# boat shoes in winter?



## FalconXtreme (Feb 22, 2009)

So I was able to score a pair of cole haan burgandy boats. I keep looking at them and I'm not sure if I can wait until spring/summer to wear them. Anyone know how I could possibly pull these off in our current fall/winter season?


----------



## Starch (Jun 28, 2010)

There was a recent thread on exactly this topic, but I can't find it.

Bottom line (I think ... anyway it's my bottom line, even if it wasn't the threads): they're casual shoes. Wear them whenever you want. Unless, of course, your feet get too cold.


----------



## JerseyJohn (Oct 26, 2007)

I think it depends on the temp. I like boat shoes without socks.

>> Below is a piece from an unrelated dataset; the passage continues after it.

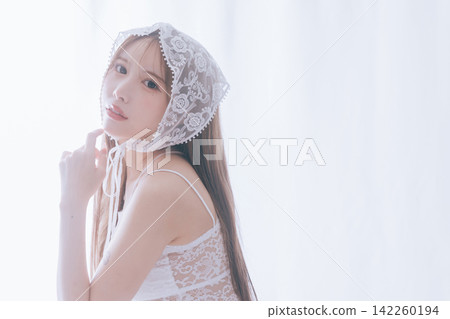 芭蕾舞核心時尚中的女性 142260194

But I hang them up when the temp drops below 60°F. In OK, it looks like for the next week or so, you may want those socks!


----------



## alphadelta (Oct 2, 2007)

It depends on where you are -- Miami or Buffalo?


----------



## blairrob (Oct 30, 2010)

alphadelta said:


> It depends on where you are -- Miami or Buffalo?


That's irrelevant because if you are in Buffalo right now you are either packing to go to Miami or can't afford new boat shoes.


----------



## smmrfld (May 22, 2007)

Why not? Wear them whenever you want. Was the "no boat shoes in winter" rule made up by the same bozo who essentially said that black leather jackets are only worn by thugs? Enjoy your shoes!


----------



## Timeless Fashion (Apr 12, 2009)

You can wear them year around, but I wouldn't wear them in the snow.


----------



## FalconXtreme (Feb 22, 2009)

alphadelta said:


> It depends on where you are -- Miami or Buffalo?

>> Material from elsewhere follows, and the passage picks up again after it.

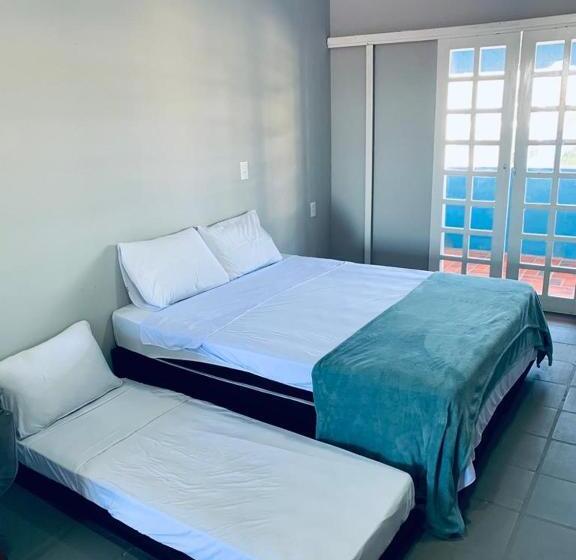 带阳台的豪华间, Pousada Portal Da Praia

currently im in san antonio,tx *shrug*


----------



## RM Bantista (May 30, 2009)

Starch said:


> There was a recent thread on exactly this topic, but I can't find it.


https://askandyaboutclothes.com/community/showthread.php?108973-Boat-shoes-in-the-fall


----------



## reddy (Dec 1, 2010)

I always wear them all the year around,this sperry boat shoe is my new collection


----------



## eagle2250 (Mar 24, 2006)

I'm still wearing various pair(s) of my Quoddy Trail Boats, loafers and Malliseet Bluchers, as the mood strikes me...and we have snow on the ground here in Hoosierville! IMHO, boat shoes are potential year round wear, depending on prevailing weather conditions!


----------



## Cruiser (Jul 21, 2006)

I wore boat shoes year round for many years and never had any problems with the boat shoe police.

Cruiser


----------



## WindsorNot (Aug 7, 2009)

I wear these tasty little numbers in the colder months:

https://www.llbean.com/llb/shop/11575?feat=592-GN1


----------



## Cruiser (Jul 21, 2006)

WindsorNot said:


> I wear these tasty little numbers in the colder months:
> 
> https://www.llbean.com/llb/shop/11575?feat=592-GN1


I'm not sure how "tasty" they are but that's what I replaced the boat shoes with in colder weather. In fact, I'm wearing them today.

Cruiser


----------



## WindsorNot (Aug 7, 2009)

Cruiser said:


> I'm not sure how "tasty" they are but that's what I replaced the boat shoes with in colder weather. In fact, I'm wearing them today.
> 
> Cruiser


They are supremely comfortable after a day or two of break-in and I find them oddly appropriate for cold weather.


----------



## hardline_42 (Jan 20, 2010)

are my "fall/winter" boat shoes. The camp sole and 4-eyelet lacing distance it from the "strictly summer" connotation that boat shoes usually have. Although, I do wear these all through the winter and they have 360* lacing so, maybe it's just the white boat sole that makes "true" boat shoes impractical in the winter.


----------



## godan (Feb 10, 2010)

The posts on this thread are informative and somewhat reassuring. I think of boat shoes, camp mocs and more substantial blucher mocs as points on a continuum. Mine include examples from lightweight Sperry's to an earlier version of the lug sole Timberland posted above.  For wear mostly with jeans, I pick whichever one fits the weather. In snow, I transition to GoreTex mountain boots, even for walking in town.


----------



## 10gallonhat (Dec 13, 2009)

I asked this a couple months ago and most people said boat shoes in the winter are fine. If it's very cold I wouldn't wear them because your feet will be too cold, but if you don't care about that then it's not a big deal.


----------



## BespokeMex (Nov 13, 2010)

I wore top siders for years when younger. I guess, it depends on the time and place that determine whether they are appropriate. If this is not a concern to you, then you're ok.


----------